-- Work item --
Using the entries that follow, transcribe only the lines from the line with "Isaiah Roby [Gold]" to the line with "Chaise repas tissu beige", both included, exactly as they stand and without pictures.

-- Study material --
::::::::::

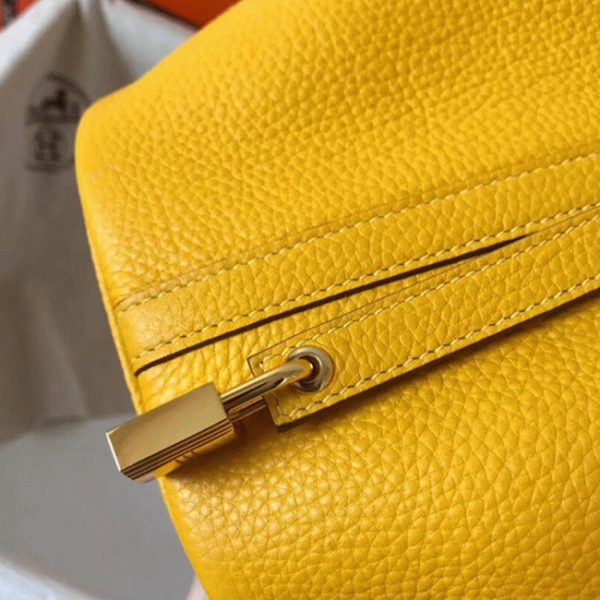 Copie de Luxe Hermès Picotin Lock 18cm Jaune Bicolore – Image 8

::::::::::

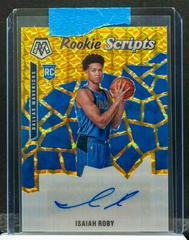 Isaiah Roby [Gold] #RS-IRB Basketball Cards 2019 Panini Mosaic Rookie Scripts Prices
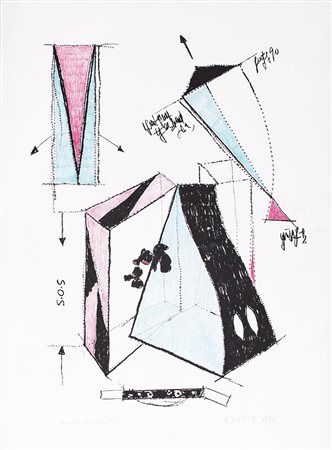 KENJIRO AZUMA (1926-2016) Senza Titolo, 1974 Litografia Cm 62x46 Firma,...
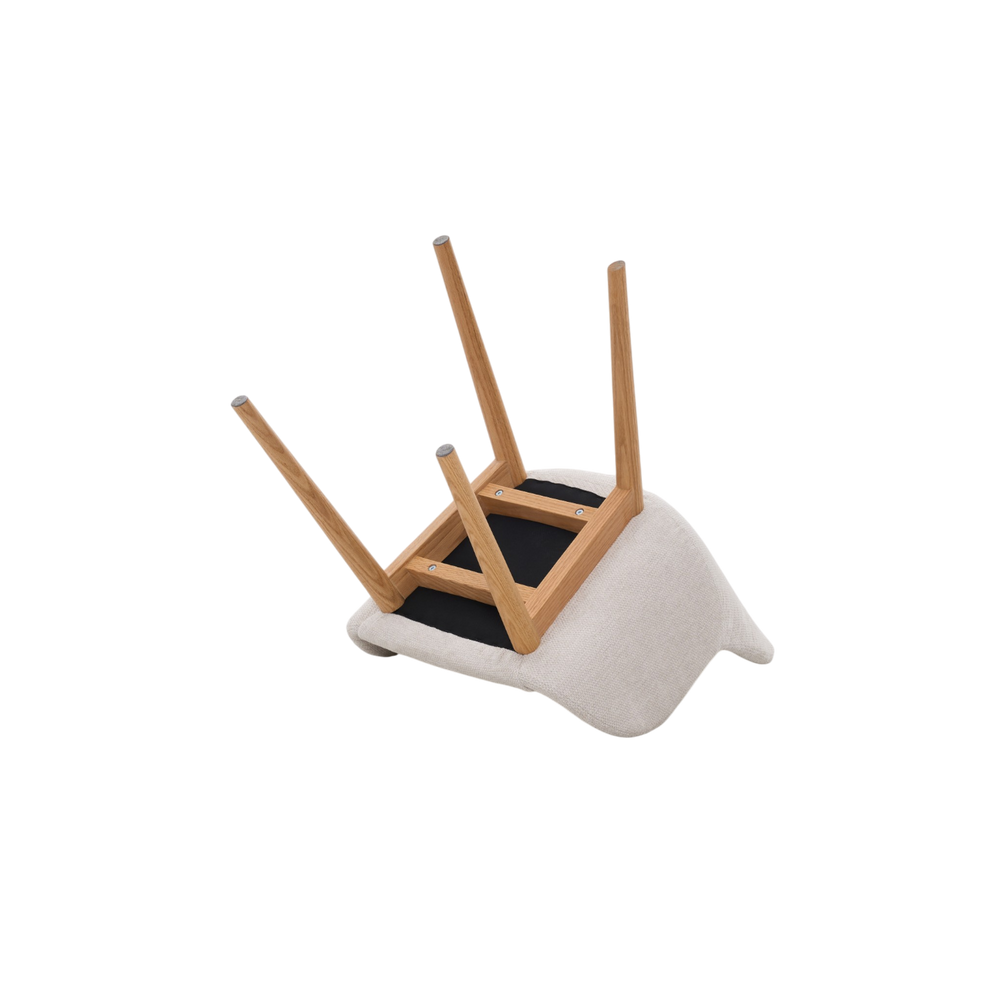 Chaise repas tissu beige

::::::::::

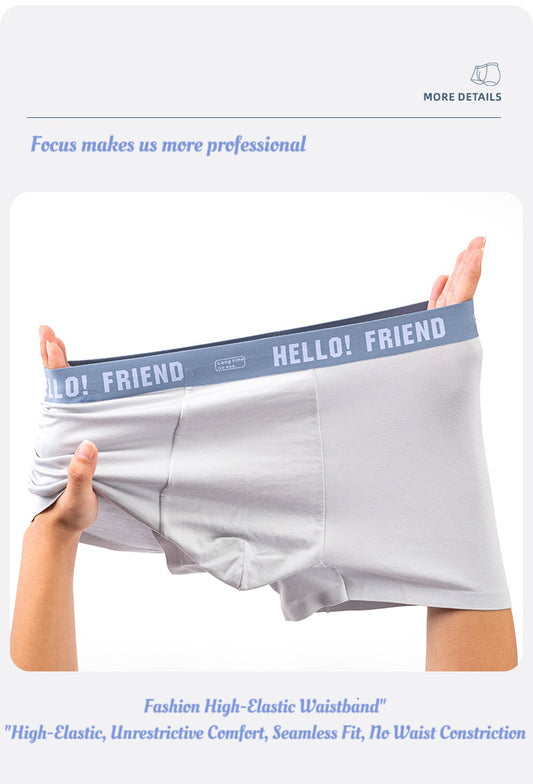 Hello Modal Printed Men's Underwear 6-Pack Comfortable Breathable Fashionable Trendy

::::::::::

-- Answer to the exercise --
 Isaiah Roby [Gold] #RS-IRB Basketball Cards 2019 Panini Mosaic Rookie Scripts Prices
 KENJIRO AZUMA (1926-2016) Senza Titolo, 1974 Litografia Cm 62x46 Firma,...
 Chaise repas tissu beige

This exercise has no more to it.